# Fish photo request



## fish_doc (Jan 31, 2005)

I received a email this week about my photography. It went like this. - 

The Australian Invasive Animals CRC is developing a Pest Fish phone app for the Australian public. This app is a free educational tool that provides information to the public on what fish species are considered invasive or a potential risk of becoming feral in Australian waterways.

I have been contacting photographers on Flickr asking permission to use their wonderful fish photo for the purpose of fish ID on this app – to which most are only too happy to be involved.

Given I have very little knowledge of the appearance of cichlid species; I was wondering if you could provide some assistance. I see that there are many photos of cichlids on Flickr but most of them are not coupled with their scientific name. 

Do you personally have photos that could be used in this project for the following species or do you know of any that I could use or potentially ask permission for?

Black mangrove cichlid - Tilapia mariae
Redbelly tilapia- Tilapia zillii
Blue acara - Andinoacara pulcher
Three spot cichlid - Cichlasoma trimaculatum
Victoria Burtons Haplochromis - Haplochromis burtoni

Your full name will appear clearly, straight under the photo/s you supply, as recognition of your contribution.

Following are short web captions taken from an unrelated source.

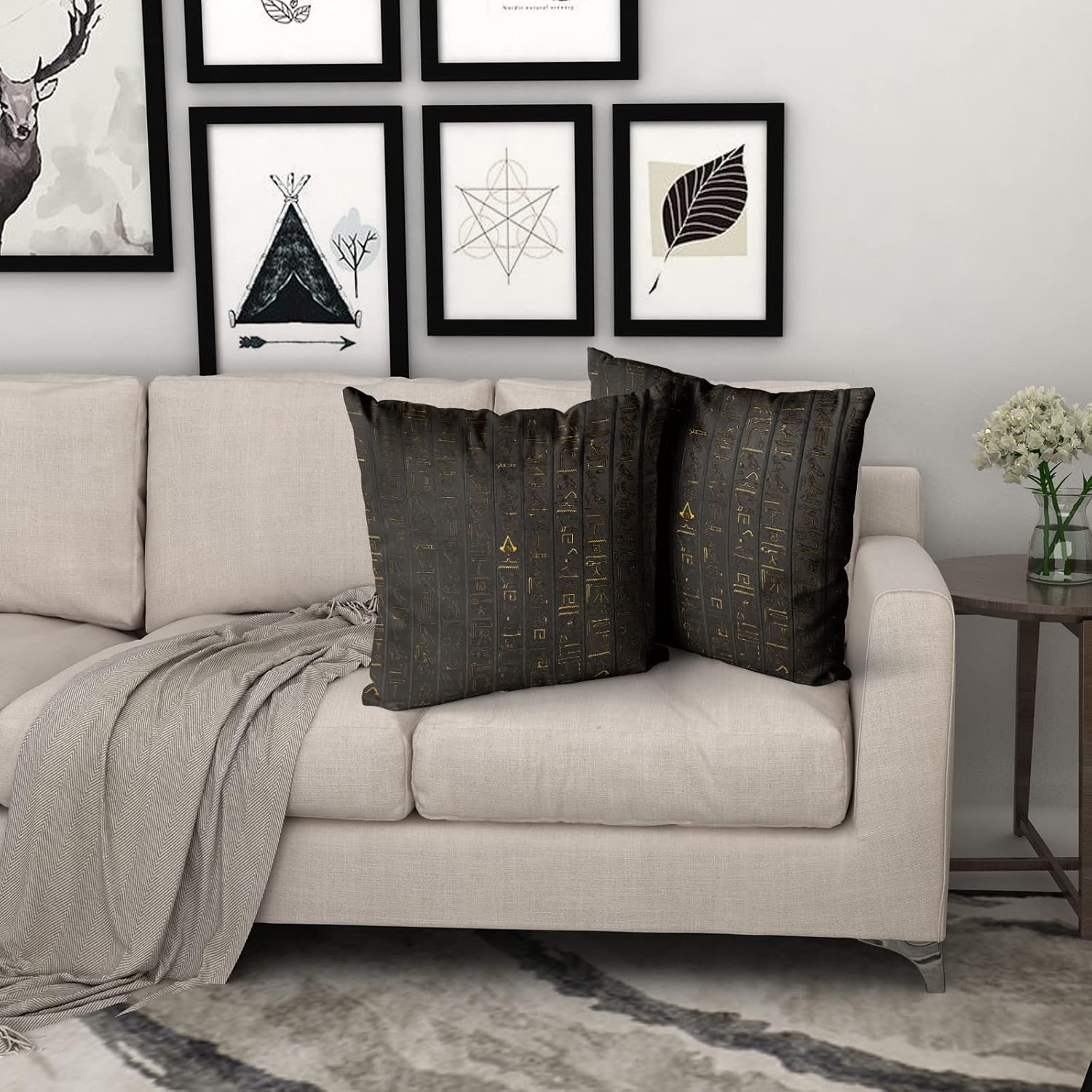 2 fundas de almohada de jeroglífico egipcio antiguo de 18 x 18 pulgadas, fundas de almohada decorativas de tamaño estándar, color negro y dorado,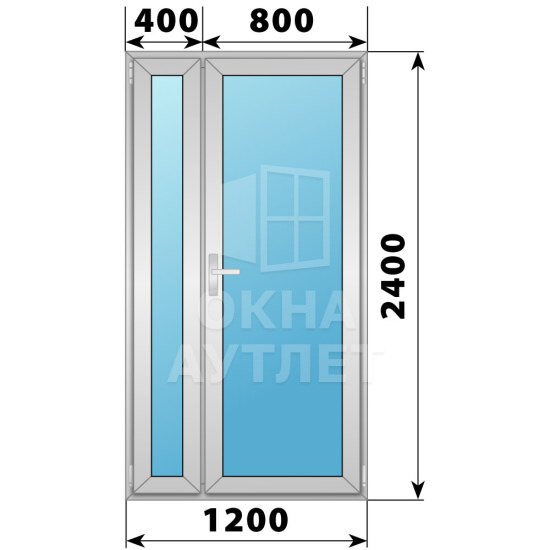 Алюминиевая межкомнатная полуторная остекленная дверь 1200×2400 ОА-64930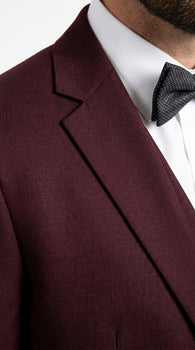 Men’s Burgundy Regular Fit Suit with Vest, Formal Wedding Prom Dress Suit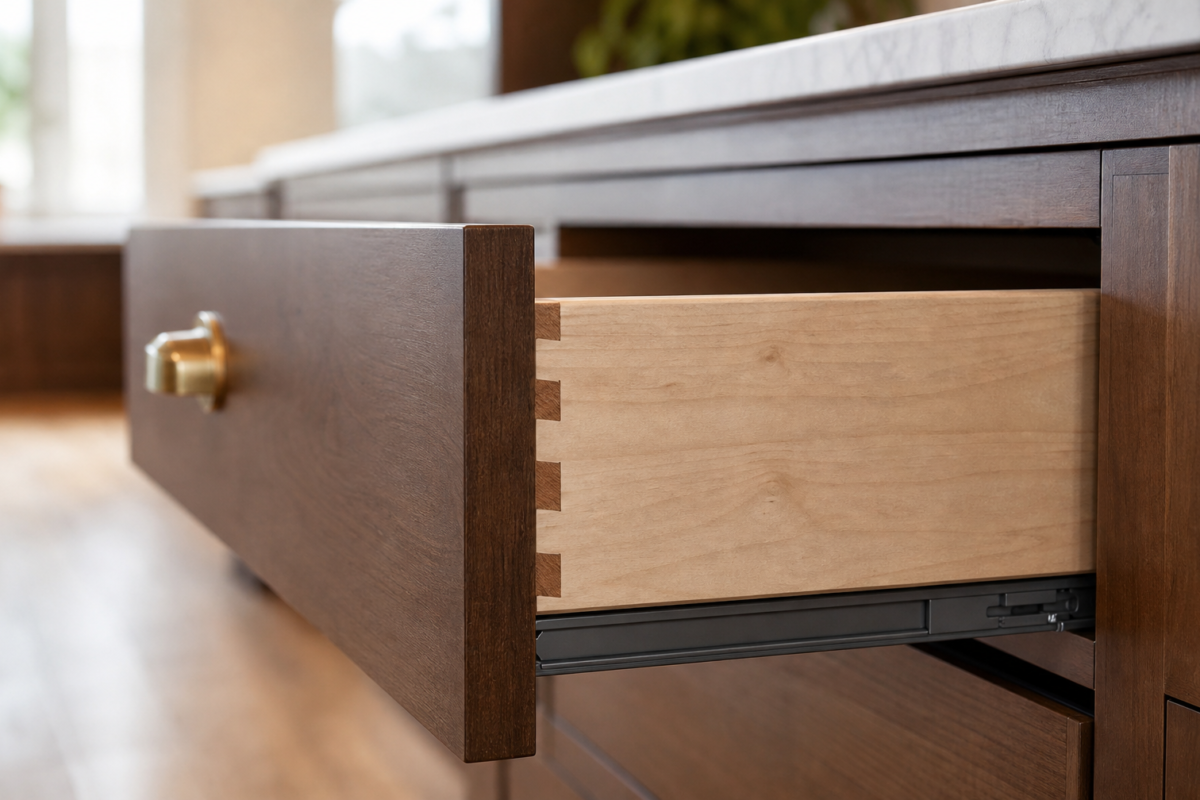 Open kitchen cabinet drawer showing dovetail joinery and plywood construction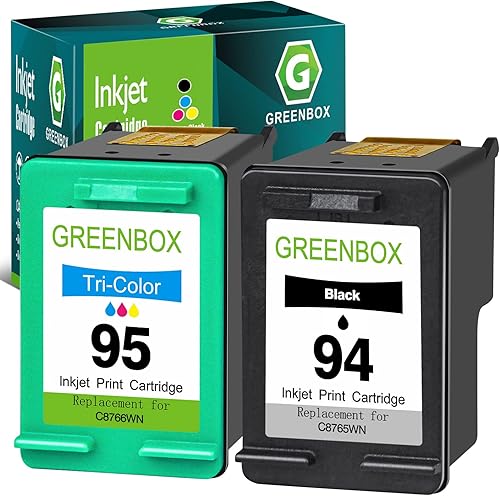 GREENBOX Cartucho de tinta remanufacturado 94 95 de alto rendimiento para HP 94 95 C9354BN C8765WN C8766WN para Officejet 150 H470 7310 7210 Deskjet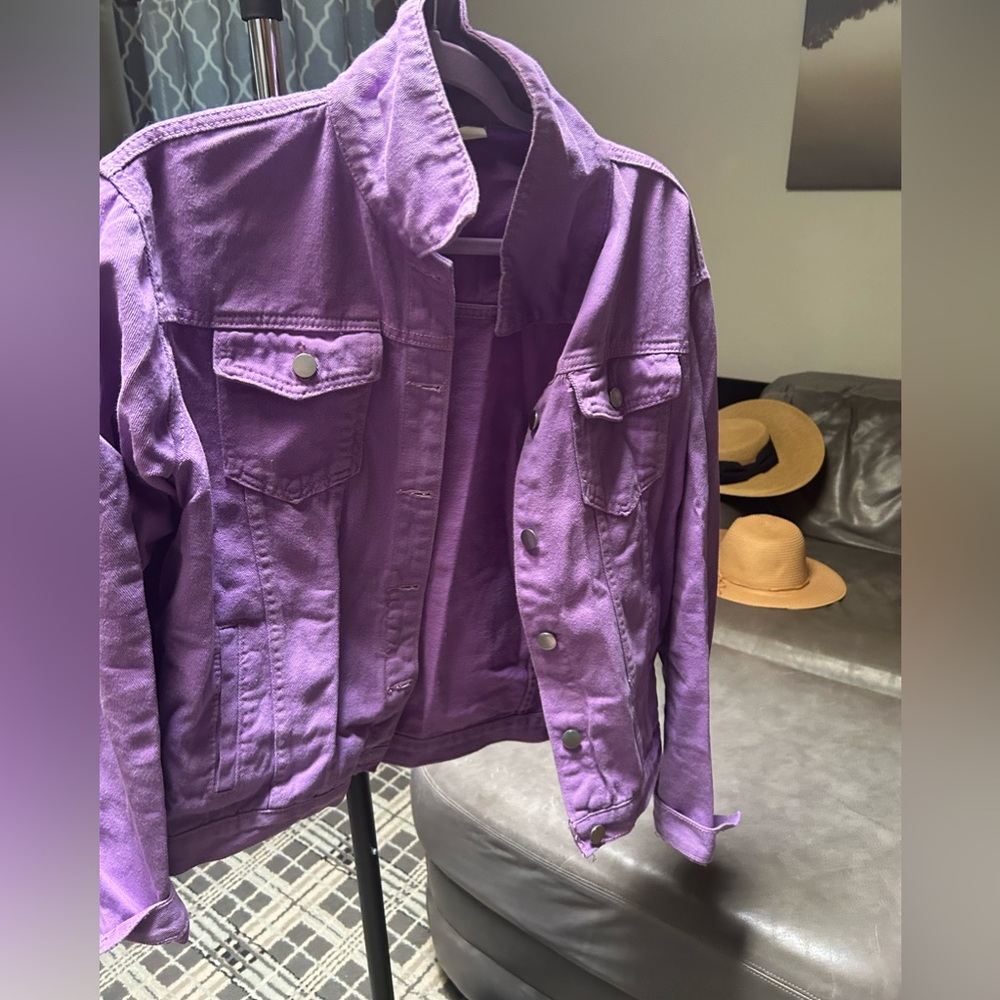 Purple denim jacket size L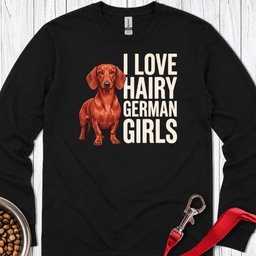 Dachshund Hairy German Girls Red Long Sleeve Shirt Gift For Dog Lover
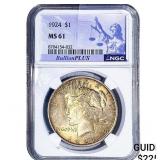 1927 Silver Peace Dollar NGC MS61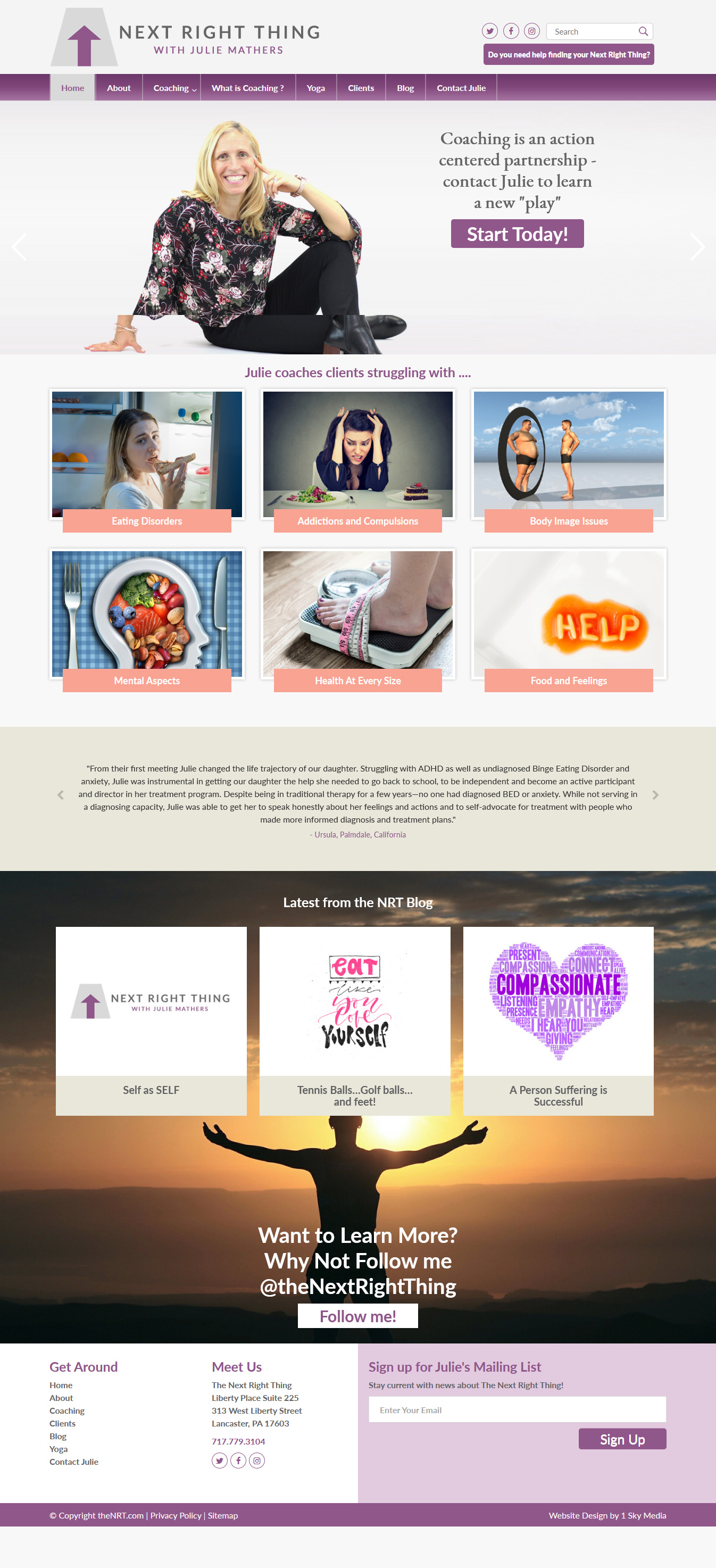 The Next Right Thing counseling website design 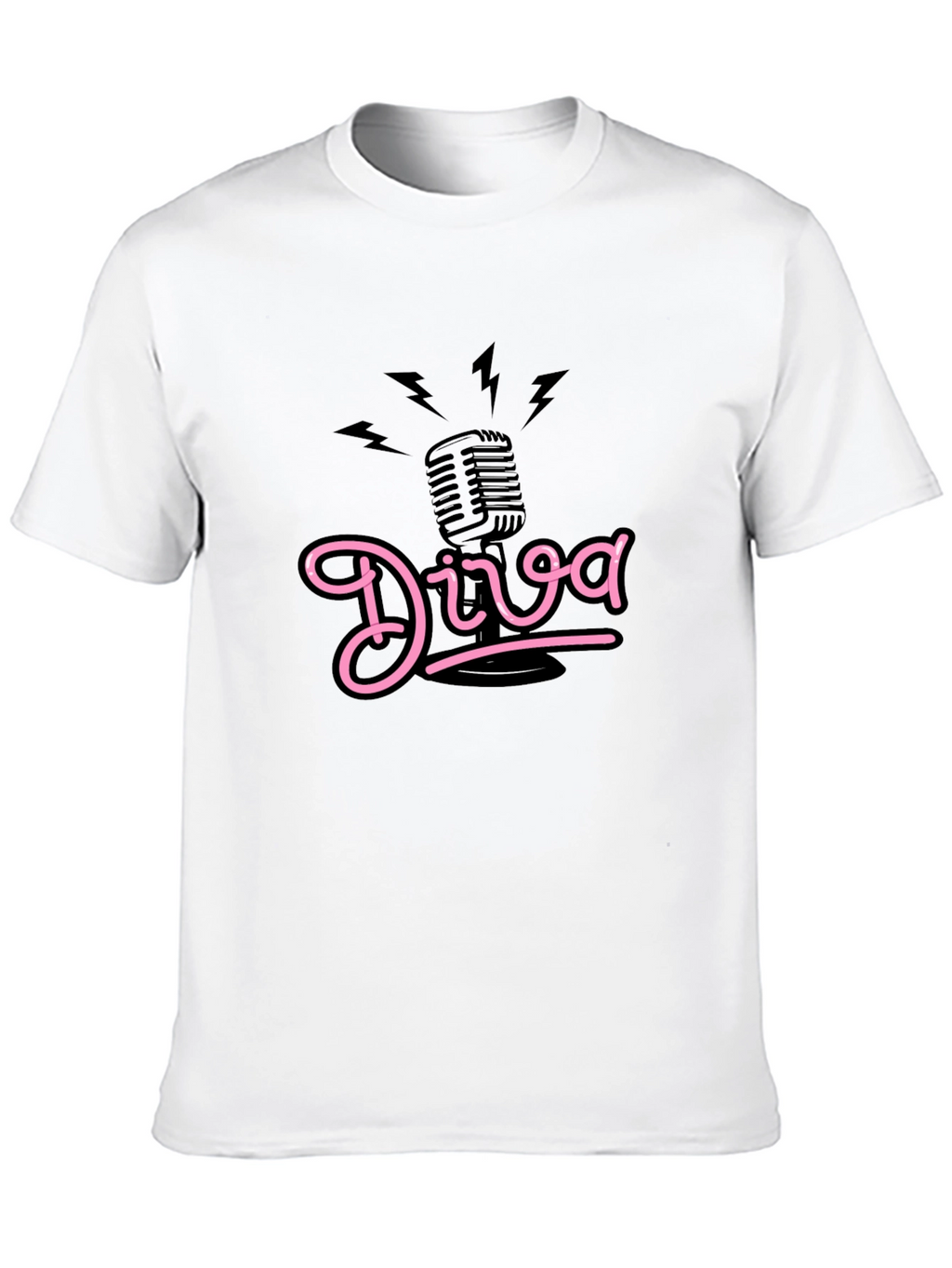 Diva Microphone Graphic Tee - Black Cotton Comfort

Any assistance would be greatly appreciated.

Kind regards, 
Bec Crawford

Unfortunately I dont have photos of any of the fish they are looking for.  If any of you have good quality photos of your own let me know and maybe I can make a love connection for you.


----------



## fish_doc (Jan 31, 2005)

Oh yea, I currently have a fish photos being used by the London Aquarium advertising their aquarium and Cornell University in one of their books "second edition of our textbook, Principles of Animal Communication" All given for free, for use to advance the education of the aquatic world.


----------